Y se percatan de tu presencia, no te puedes quedar ahí pero tampoco puedes ir a otro lugar. Estás perdido, perdido en un lugar que por las mañanas parece al menos un tanto más vivible, pero es de noche y la noche todo lo transforma.

El frío se acentúa, estás acabado y no hace mucho te has dado cuenta de ello. No vas a morir aquí, eso es un hecho, pero al menos hoy formas parte del ejército de los no vivos, de los que son presas de sus propios excesos y los que no tienen la suficiente capacidad para sobrevivir al manto asfixiante de la noche.
Es hora de recurrir al último recurso: matar las horas que quedan hasta que llegue el alba pensando en las respuestas idóneas, ésas que no permiten margen de error, respuestas para las preguntas que hace unas cuantas horas tiraste por el inodoro. Cómo volver, qué pretexto utilizar por si los regaños te aquejan, a quién pedir ayuda en caso de necesitarla. Preguntas que a estas alturas resultan estúpidas, más aún las respuestas.

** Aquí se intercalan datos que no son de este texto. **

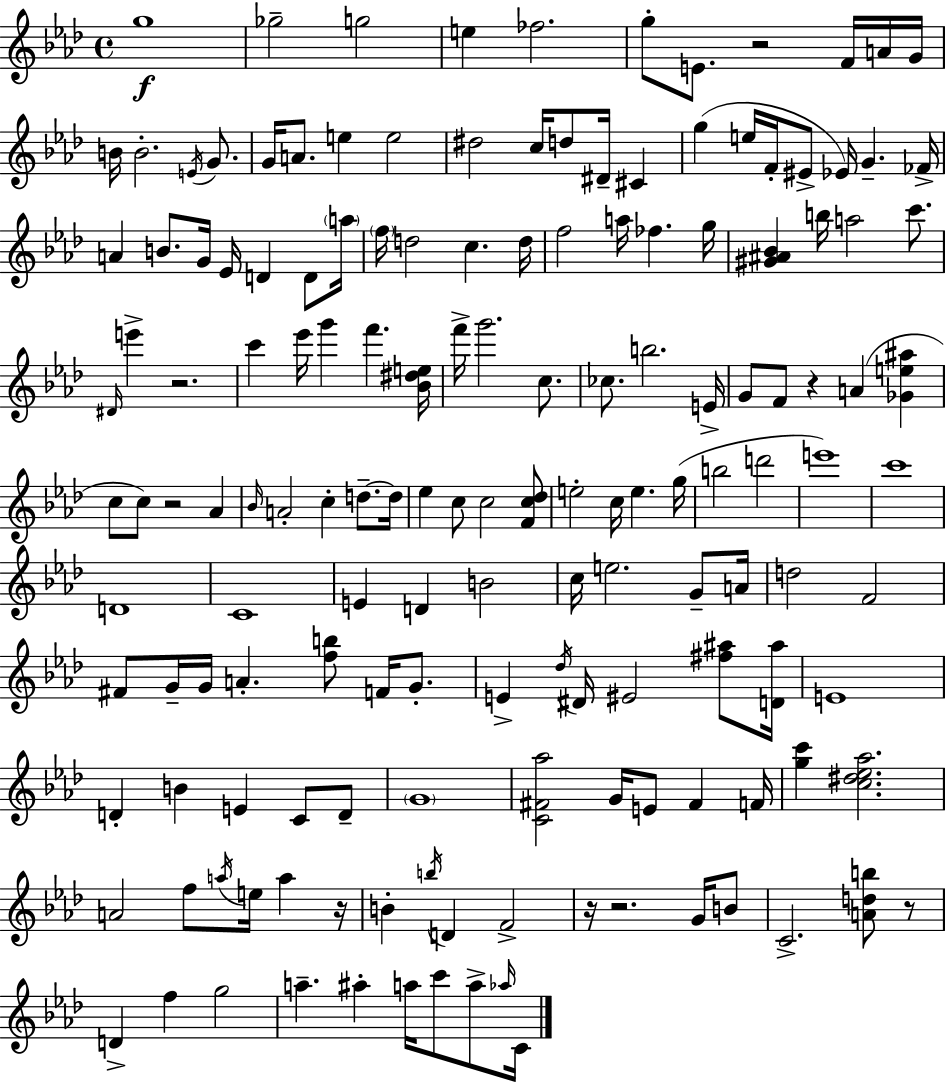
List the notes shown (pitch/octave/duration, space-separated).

G5/w Gb5/h G5/h E5/q FES5/h. G5/e E4/e. R/h F4/s A4/s G4/s B4/s B4/h. E4/s G4/e. G4/s A4/e. E5/q E5/h D#5/h C5/s D5/e D#4/s C#4/q G5/q E5/s F4/s EIS4/e Eb4/s G4/q. FES4/s A4/q B4/e. G4/s Eb4/s D4/q D4/e A5/s F5/s D5/h C5/q. D5/s F5/h A5/s FES5/q. G5/s [G#4,A#4,Bb4]/q B5/s A5/h C6/e. D#4/s E6/q R/h. C6/q Eb6/s G6/q F6/q. [Bb4,D#5,E5]/s F6/s G6/h. C5/e. CES5/e. B5/h. E4/s G4/e F4/e R/q A4/q [Gb4,E5,A#5]/q C5/e C5/e R/h Ab4/q Bb4/s A4/h C5/q D5/e. D5/s Eb5/q C5/e C5/h [F4,C5,Db5]/e E5/h C5/s E5/q. G5/s B5/h D6/h E6/w C6/w D4/w C4/w E4/q D4/q B4/h C5/s E5/h. G4/e A4/s D5/h F4/h F#4/e G4/s G4/s A4/q. [F5,B5]/e F4/s G4/e. E4/q Db5/s D#4/s EIS4/h [F#5,A#5]/e [D4,A#5]/s E4/w D4/q B4/q E4/q C4/e D4/e G4/w [C4,F#4,Ab5]/h G4/s E4/e F#4/q F4/s [G5,C6]/q [C5,D#5,Eb5,Ab5]/h. A4/h F5/e A5/s E5/s A5/q R/s B4/q B5/s D4/q F4/h R/s R/h. G4/s B4/e C4/h. [A4,D5,B5]/e R/e D4/q F5/q G5/h A5/q. A#5/q A5/s C6/e A5/e Ab5/s C4/s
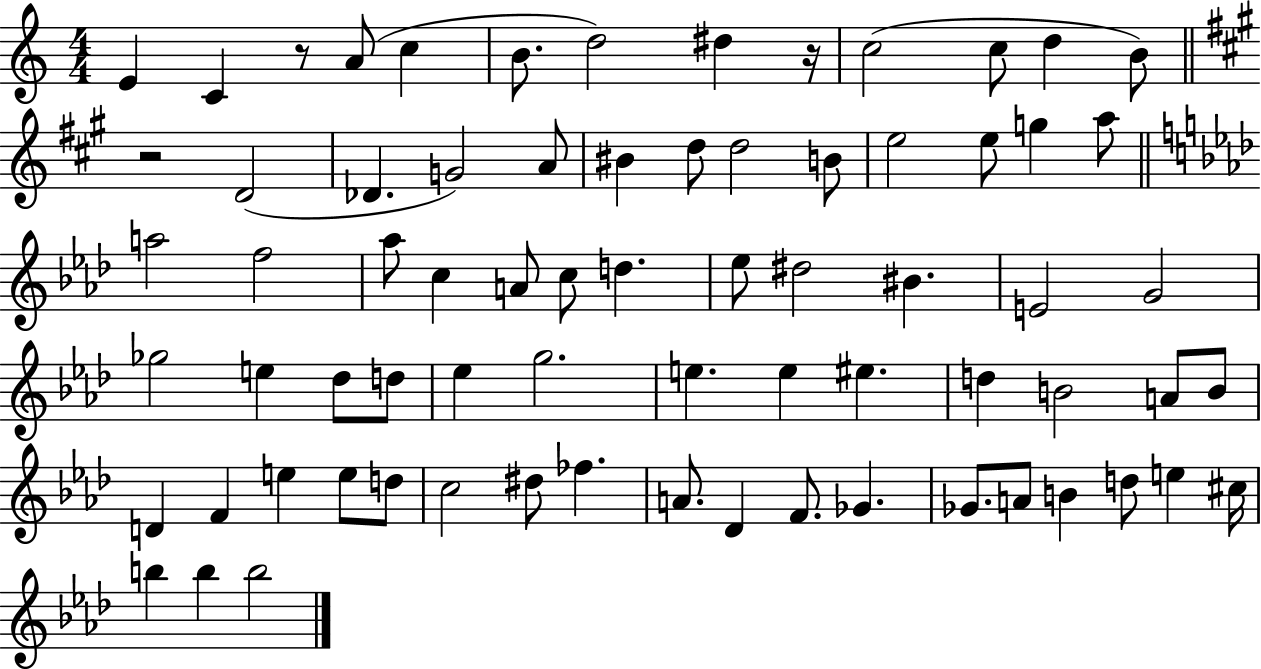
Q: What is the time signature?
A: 4/4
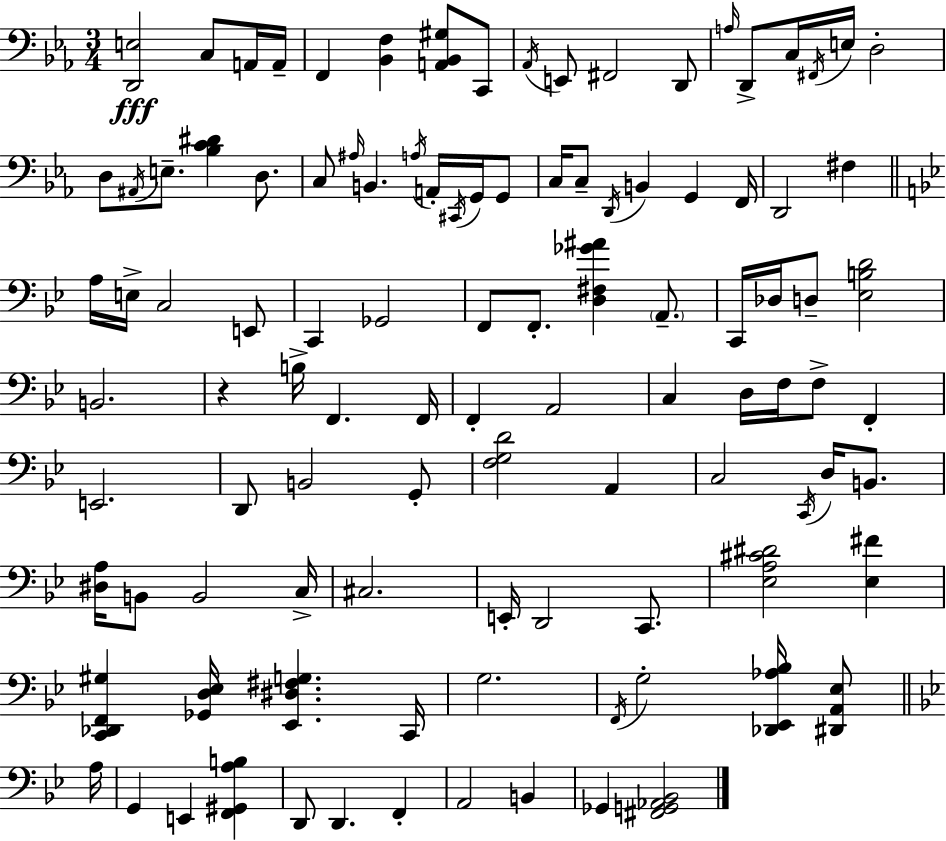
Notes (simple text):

[D2,E3]/h C3/e A2/s A2/s F2/q [Bb2,F3]/q [A2,Bb2,G#3]/e C2/e Ab2/s E2/e F#2/h D2/e A3/s D2/e C3/s F#2/s E3/s D3/h D3/e A#2/s E3/e. [Bb3,C4,D#4]/q D3/e. C3/e A#3/s B2/q. A3/s A2/s C#2/s G2/s G2/e C3/s C3/e D2/s B2/q G2/q F2/s D2/h F#3/q A3/s E3/s C3/h E2/e C2/q Gb2/h F2/e F2/e. [D3,F#3,Gb4,A#4]/q A2/e. C2/s Db3/s D3/e [Eb3,B3,D4]/h B2/h. R/q B3/s F2/q. F2/s F2/q A2/h C3/q D3/s F3/s F3/e F2/q E2/h. D2/e B2/h G2/e [F3,G3,D4]/h A2/q C3/h C2/s D3/s B2/e. [D#3,A3]/s B2/e B2/h C3/s C#3/h. E2/s D2/h C2/e. [Eb3,A3,C#4,D#4]/h [Eb3,F#4]/q [C2,Db2,F2,G#3]/q [Gb2,D3,Eb3]/s [Eb2,D#3,F#3,G3]/q. C2/s G3/h. F2/s G3/h [Db2,Eb2,Ab3,Bb3]/s [D#2,A2,Eb3]/e A3/s G2/q E2/q [F2,G#2,A3,B3]/q D2/e D2/q. F2/q A2/h B2/q Gb2/q [F#2,G2,Ab2,Bb2]/h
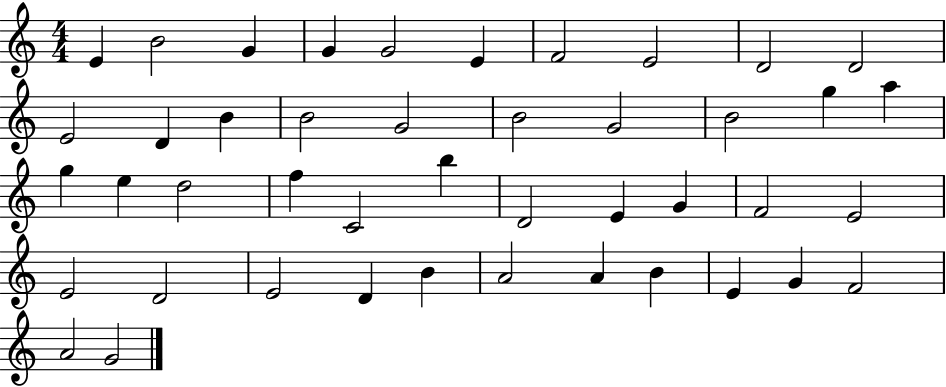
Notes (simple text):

E4/q B4/h G4/q G4/q G4/h E4/q F4/h E4/h D4/h D4/h E4/h D4/q B4/q B4/h G4/h B4/h G4/h B4/h G5/q A5/q G5/q E5/q D5/h F5/q C4/h B5/q D4/h E4/q G4/q F4/h E4/h E4/h D4/h E4/h D4/q B4/q A4/h A4/q B4/q E4/q G4/q F4/h A4/h G4/h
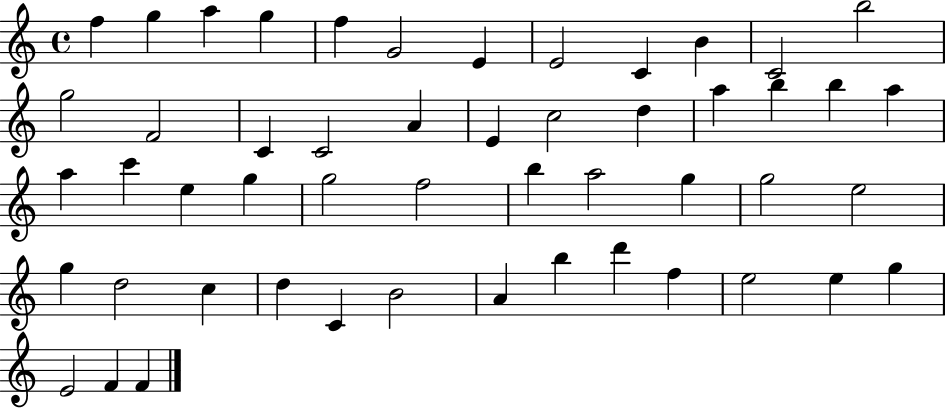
F5/q G5/q A5/q G5/q F5/q G4/h E4/q E4/h C4/q B4/q C4/h B5/h G5/h F4/h C4/q C4/h A4/q E4/q C5/h D5/q A5/q B5/q B5/q A5/q A5/q C6/q E5/q G5/q G5/h F5/h B5/q A5/h G5/q G5/h E5/h G5/q D5/h C5/q D5/q C4/q B4/h A4/q B5/q D6/q F5/q E5/h E5/q G5/q E4/h F4/q F4/q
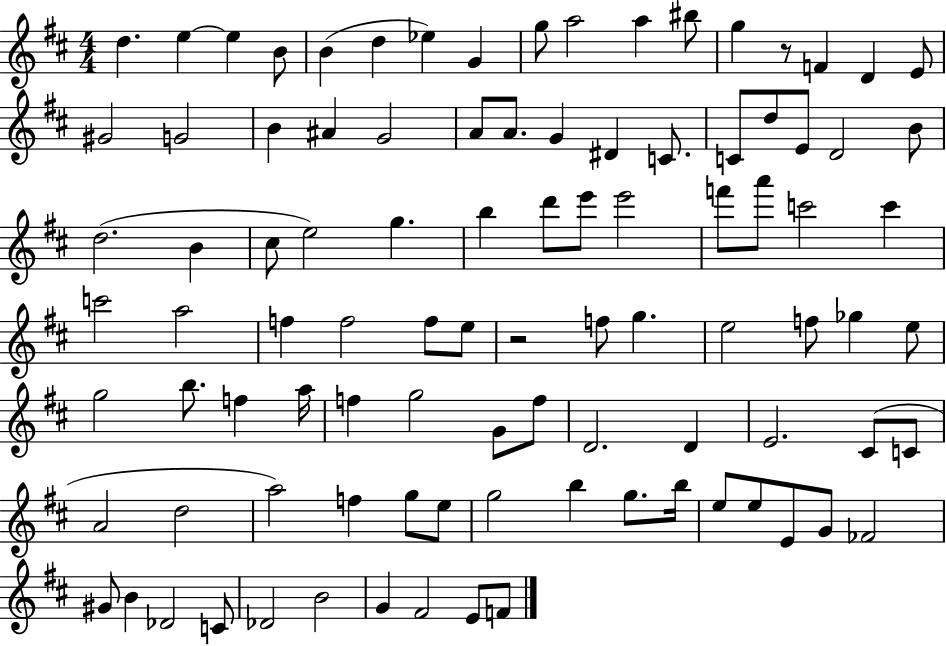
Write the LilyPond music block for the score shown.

{
  \clef treble
  \numericTimeSignature
  \time 4/4
  \key d \major
  \repeat volta 2 { d''4. e''4~~ e''4 b'8 | b'4( d''4 ees''4) g'4 | g''8 a''2 a''4 bis''8 | g''4 r8 f'4 d'4 e'8 | \break gis'2 g'2 | b'4 ais'4 g'2 | a'8 a'8. g'4 dis'4 c'8. | c'8 d''8 e'8 d'2 b'8 | \break d''2.( b'4 | cis''8 e''2) g''4. | b''4 d'''8 e'''8 e'''2 | f'''8 a'''8 c'''2 c'''4 | \break c'''2 a''2 | f''4 f''2 f''8 e''8 | r2 f''8 g''4. | e''2 f''8 ges''4 e''8 | \break g''2 b''8. f''4 a''16 | f''4 g''2 g'8 f''8 | d'2. d'4 | e'2. cis'8( c'8 | \break a'2 d''2 | a''2) f''4 g''8 e''8 | g''2 b''4 g''8. b''16 | e''8 e''8 e'8 g'8 fes'2 | \break gis'8 b'4 des'2 c'8 | des'2 b'2 | g'4 fis'2 e'8 f'8 | } \bar "|."
}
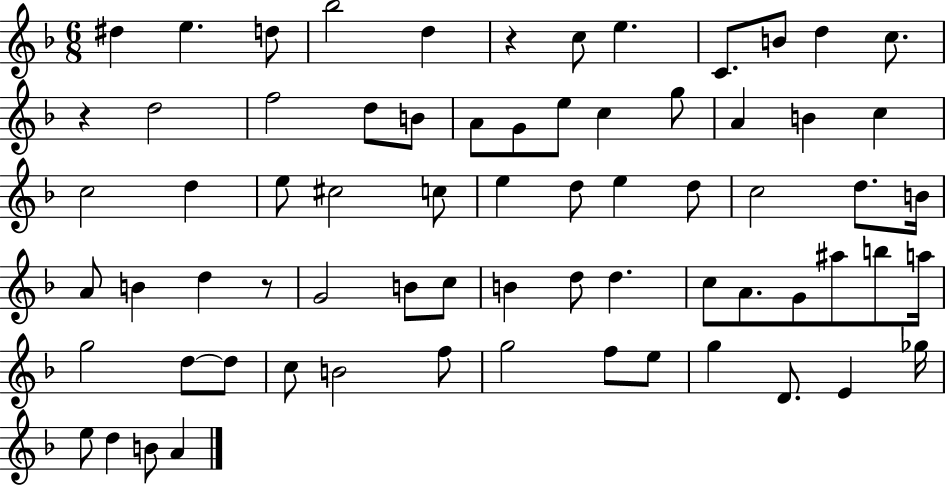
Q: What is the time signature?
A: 6/8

Ya que el mundo se vino abajo puedes darte el lujo de comprar un cigarro más, el último. Te sientas a lado de un puesto ambulante con servicio las 24 horas, enciendes a tu único amigo, lo aspiras, lo escupes, repites el procedimiento unas diez veces y cierras los ojos. Qué mierda (otra vez), tu amigo ha muerto… hasta los cigarros tienen final.